But they may still be desirable. It is not unusual to employ multi-dimensional effect sizes that reduce multiple degrees of freedom to a single numerical score. These are also lossy and conservative. Whether a measure is useful depends on our purpose.

Secondly, non-monotonic functions cannot be inverted to obtain a unique solution. For example, fn(p) = (p – 0.5)² = 0.25 has two solutions, p = 0 and 1. But even if we cannot invert a function, we can still cite and plot intervals on it.

Zou and Donner’s interval difference theorem

We have explored Newcombe’s (1998) difference interval at some length in this blog. A good starting point is Change and certainty, which discusses how to plot an interval about d.

Newcombe’s interval may be simply stated based about zero, and compared with d.

(w_d^–, w_d⁺) = (–√(p₁ – w₁^–)² + (w₂⁺ – p₂)², √(w₁⁺ – p₁)² + (p₂ – w₂^–)²), (3)

where (w_i^–, w_i⁺) are the Wilson score interval bounds for p_i, i ∈ {0, 1}. We can reposition the interval about the difference by subtracting it from d.

d ∈ (d^–, d⁺) = d – (w_d^–, w_d⁺) = (d – w_d⁺, d – w_d^–). (4)

While I was writing my book, I went back to this interval and original sources, and carried out a number of evaluations that never appeared in the final manuscript for reasons of space. Wallis (2013) had mainly concerned itself with its performance at the inner interval, and compared its performance to chi-square, Fisher and other 2 × 2 tests. This is important for consistency, otherwise we would be advocating an interval that obtained radically different results than other tests. Although there are small rounding differences that can obtain different outcomes in marginal cases, Newcombe’s Wilson-based interval performs comparably to the equivalent 2 × 2 χ².

In fact, Robert Newcombe made a number of other claims about its performance in his 1998 paper. In particular he noted that the outer interval bound was also comparably accurate, and indeed, that the interval performed well when bounds were not close to zero. In my book I show that the same is not the case for repositioned Gaussian χ² intervals.

An important extension to Newcombe’s work is to be found in Zou and Donner (2008). They offer the following interval difference theorem to obtain an interval for the difference between any two independently distributed parameters, θˆ₁ and θˆ₂.

(L, U) ≡ (θˆ₁ – θˆ₂ – √(θˆ₁ – l₁)² + (u₂ – θˆ₂)², θˆ₁ – θˆ₂ + √(u₁ – θˆ₁)² + (θˆ₂ – l₂)²), (5)

where (l_i, u_i) are the lower and upper interval bounds for parameter θˆ_i.

It should be straightforward to see that the Newcombe-Wilson interval (3), repositioned by Equation (4), is an instance of (5) (indexes are reversed). However Equation (5) may be applied to functions of p.

Sums, ratios and products

The sum of two independent proportions may be obtained by simply substituting as follows into Equation (5):

• θˆ₁ = p₁, (l₁, u₁) = (w₁^–, w₁⁺), and
• θˆ₂ = –p₂, (l₂, u₂) = (–w₂⁺, –w₂^–).

Indeed, we can generalise a summation over k independent proportions as

sum ∈ (L, U) = (∑p_i – √∑(p_i – w_i^–)², ∑p_i + √∑(w_i⁺ – p_i)²), (6)

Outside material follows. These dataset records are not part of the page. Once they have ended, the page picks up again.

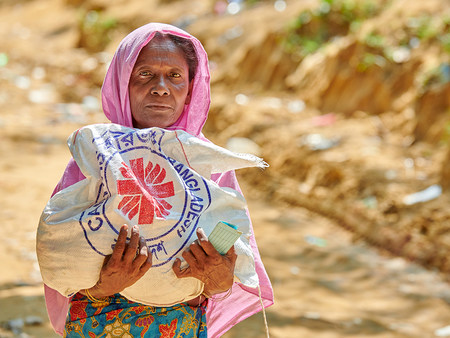 Eine Angehörige der Rohingya trägt eine Tasche der Caritas gefüllt mit Nahrungsmitteln am 27. Oktober 2017 im Flüchtlingslager Nayapara nahe Cox's Bazar (Bangladesch).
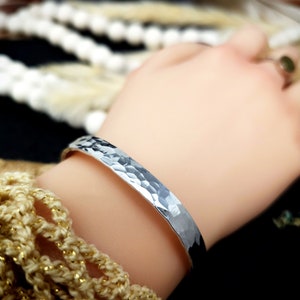 Brazalete de aluminio martillado personalizado: regalo de joyería personalizado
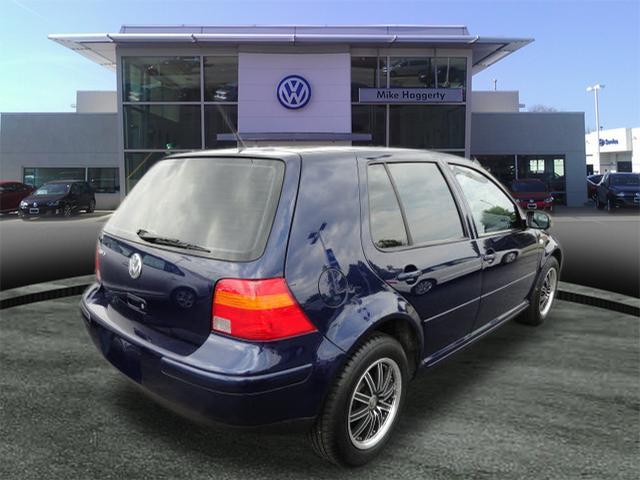 2004 Volkswagen Golf S Sedan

where i ∈ {1, 2,… k} is the index.

• Applications: Summing independent proportions is not very common, but a version of Equation (4) may be employed for computing intervals for goodness of fit effect sizes and other metrics that sum a finite number of constrained terms.

Zou and Donner themselves offer the ratio of two proportions, p₁ / p₂, as an example. This time we employ the natural logarithm as a monotonic transform.

If you recall from school, differences between two logarithms equal the logarithm of the ratio:

log(a / b) ≡ log(a) – log(b),

where ‘log’ is a logarithm with any base. We will use the natural logarithm, ‘ln’.

Zou and Donner substitute as follows into Equation (5).

• θˆ₁ = ln(p₁), (l₁, u₁) = (ln(w₁^–), ln(w₁⁺)), and
• θˆ₂ = ln(p₂), (l₂, u₂) = (ln(w₂^–), ln(w₂⁺)).

This gives us a difference interval on the log scale. To obtain a ratio interval, the log transform must be reversed with the exponent function (‘exp’).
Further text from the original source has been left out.